Kerrie E. Wiley, Julie Leask, Katie Attwell, Catherine Helps, Chris Degeling, Paul Ward, Stacy M. Carter
Recent research illuminates the characteristics of non-vaccinating parents in well-defined geographic communities, however the process by which they came to reject vaccines is less clearly understood. Between September 11th, 2017 and February 20th, 2019, we recruited a nationally derived sample of Australian parents of children under 18 years who rejected some or all vaccines for semi-structured interviews. We used various strategies, including advertising on national radio, in community centres and playgrounds in low coverage areas, and snowballing. Grounded Theory methodology guided data collection and analysis. Twenty-one parents from regional and urban locations were interviewed. All spoke of wanting happy, healthy, robust children. All endorsed parenting values and approaches aligned with modern societal expectations of taking responsibility for their child’s health. They varied, however, in their lifestyle and vaccination trajectories. Participants self-identified as situated along an ‘alternative’ to ‘mainstream’ lifestyle spectrum and had moved both away from and toward vaccination over time. Some had decided before birth that they never would vaccinate their children and had not changed. Others stopped vaccinating after perceived post-vaccine reactions in their children.

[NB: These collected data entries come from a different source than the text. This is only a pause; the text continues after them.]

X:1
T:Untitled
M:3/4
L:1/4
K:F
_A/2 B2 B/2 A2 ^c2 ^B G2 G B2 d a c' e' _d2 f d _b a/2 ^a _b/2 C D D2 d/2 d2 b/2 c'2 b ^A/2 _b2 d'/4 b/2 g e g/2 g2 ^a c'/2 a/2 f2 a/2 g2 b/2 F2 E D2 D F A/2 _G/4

Still others initially rejected vaccines, but eventually accepted them. The variation and dynamic nature of the vaccination trajectories described in this study suggests that vaccine refusal is not a static trait but rather the result of ever-changing experience and continual risk assessment; not all non-vaccinating parents fit the ‘alternative lifestyle’ stereotype. This suggests that nuanced personalised engagement with non-vaccinating parents is more appropriate than a one-size-fits-all approach.